## Material for this exercise

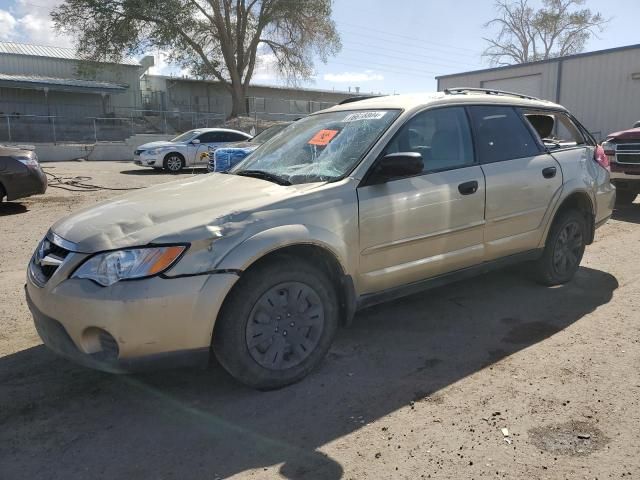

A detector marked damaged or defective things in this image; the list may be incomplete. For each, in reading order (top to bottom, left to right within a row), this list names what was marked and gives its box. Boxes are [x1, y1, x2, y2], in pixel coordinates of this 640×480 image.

dented hood [51, 174, 320, 253]
damaged subaru outback [25, 91, 616, 390]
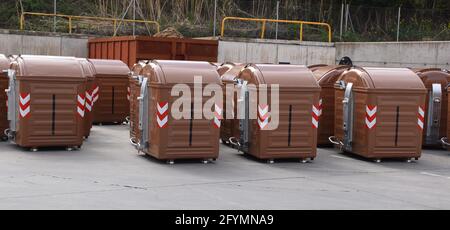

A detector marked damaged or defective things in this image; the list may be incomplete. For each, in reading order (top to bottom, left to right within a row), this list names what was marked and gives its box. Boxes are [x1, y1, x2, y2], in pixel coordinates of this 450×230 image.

orange rusted container [5, 55, 86, 149]
rusty metal dumpster [5, 55, 87, 150]
orange rusted container [77, 58, 96, 138]
rusty metal dumpster [77, 58, 96, 139]
orange rusted container [88, 59, 129, 124]
rusty metal dumpster [88, 58, 130, 124]
rusty metal dumpster [129, 60, 150, 141]
orange rusted container [129, 60, 150, 141]
orange rusted container [87, 36, 218, 67]
rusty metal dumpster [130, 59, 221, 164]
orange rusted container [132, 60, 221, 163]
orange rusted container [217, 62, 244, 146]
rusty metal dumpster [217, 63, 244, 146]
rusty metal dumpster [229, 63, 320, 163]
orange rusted container [232, 63, 320, 163]
orange rusted container [308, 64, 350, 146]
rusty metal dumpster [308, 64, 350, 146]
rusty metal dumpster [328, 67, 428, 162]
orange rusted container [332, 67, 428, 162]
orange rusted container [412, 68, 450, 147]
rusty metal dumpster [412, 68, 450, 147]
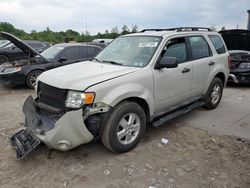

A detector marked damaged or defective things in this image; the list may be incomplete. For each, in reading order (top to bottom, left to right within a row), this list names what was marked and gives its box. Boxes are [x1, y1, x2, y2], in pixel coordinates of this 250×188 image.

damaged front end [10, 86, 110, 159]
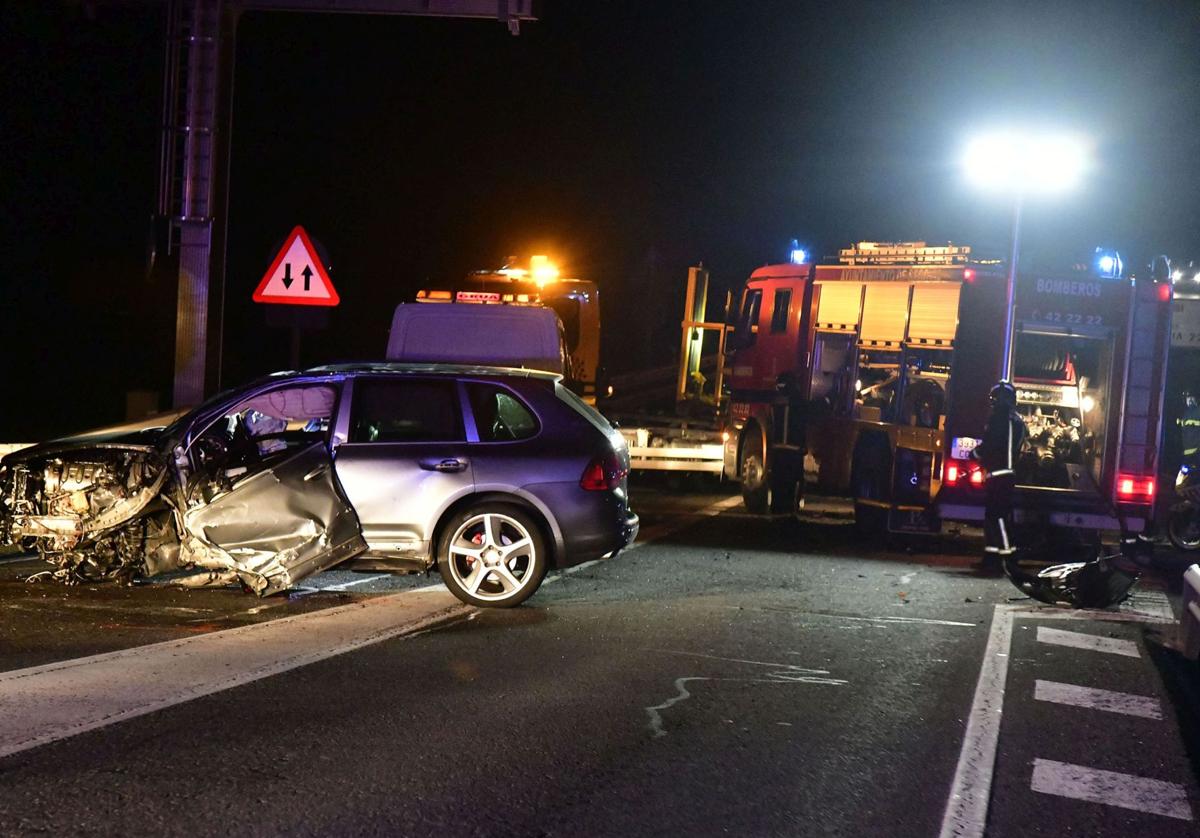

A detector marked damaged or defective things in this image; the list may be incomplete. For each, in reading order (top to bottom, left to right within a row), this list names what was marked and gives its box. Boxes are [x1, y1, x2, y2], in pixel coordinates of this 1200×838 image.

car door with dent [180, 381, 362, 590]
damaged silver suv [0, 362, 638, 602]
car door with dent [333, 374, 477, 557]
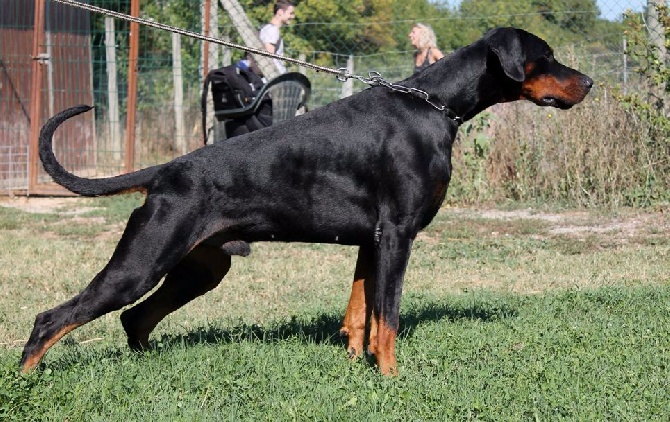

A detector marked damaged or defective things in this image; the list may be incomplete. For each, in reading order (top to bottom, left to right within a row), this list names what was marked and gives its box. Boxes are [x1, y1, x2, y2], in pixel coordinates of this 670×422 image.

## Task description
Lines before the one containing "this 1200×838 image." are not wanted; write out that line and every later line through the end of the data above, exactly, without pictures.

## Answer to this problem
A detector marked damaged or defective things in this image; the list may be incomplete. For each, in reading order (top to bottom, left to right within a row), this list names what was marked and gives its box. Boxes are [x1, y1, x2, y2], in pixel coordinates of this 1200×838 image.

car door with dent [180, 381, 362, 590]
damaged silver suv [0, 362, 638, 602]
car door with dent [333, 374, 477, 557]

A detector marked damaged or defective things in this image; the list may be incomplete. For each, in reading order (top to bottom, left to right within a row), this list names what was marked and gives its box. Boxes are [x1, y1, x2, y2], in pixel coordinates of this 670×422 image.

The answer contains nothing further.